WHAT NEEDS TO BE DONE — Copy out and return the lines from the one holding "Ojciec Gużyński /" to the end of the listing below, both included, omitting the pictures.

[RECORDED DATA]

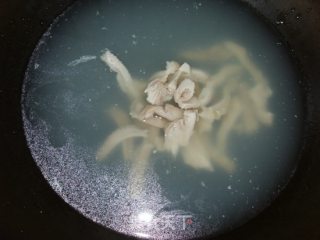 金针菇猪肚汤的做法步骤：4
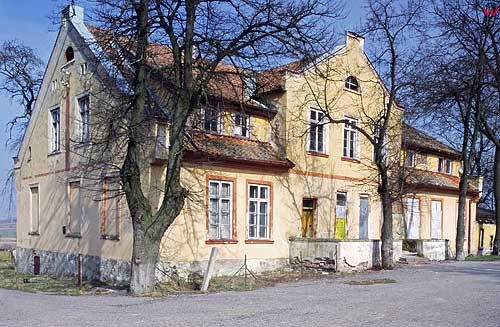 Pałac Von Schmiedeseck w Kotkowie warm-maz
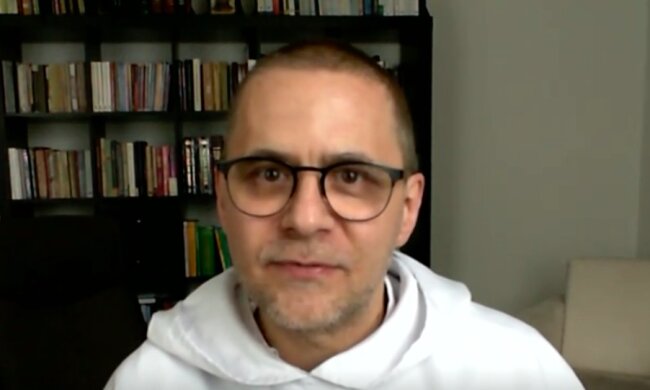 Ojciec Gużyński / screen: Wirtualna Polska "Newsroom"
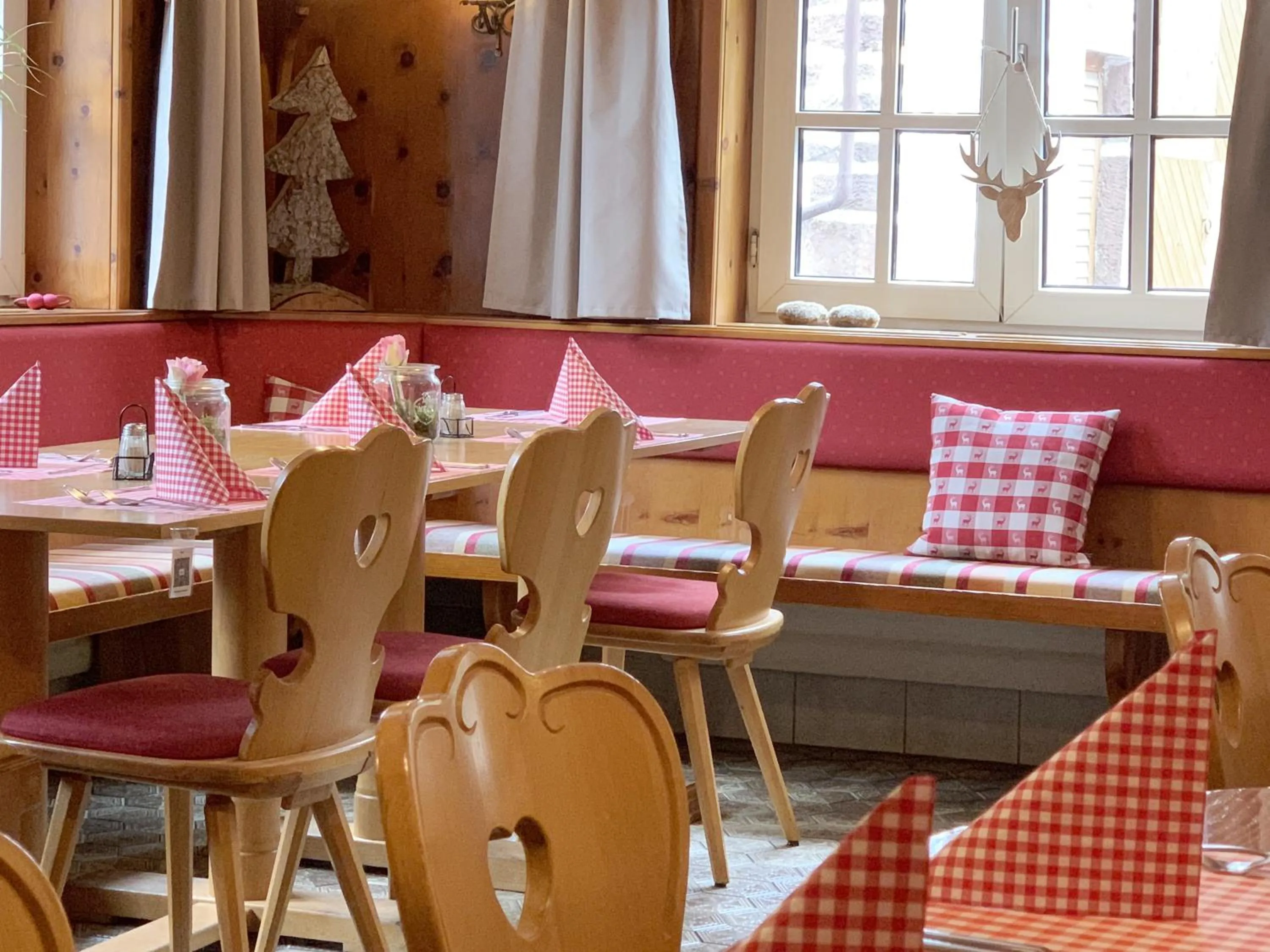 Restaurant/places to eat in Landhotel Untere Kapfenhardter Mühle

[/RECORDED DATA]

FINISHED EXERCISE —
 Ojciec Gużyński / screen: Wirtualna Polska "Newsroom"
 Restaurant/places to eat in Landhotel Untere Kapfenhardter Mühle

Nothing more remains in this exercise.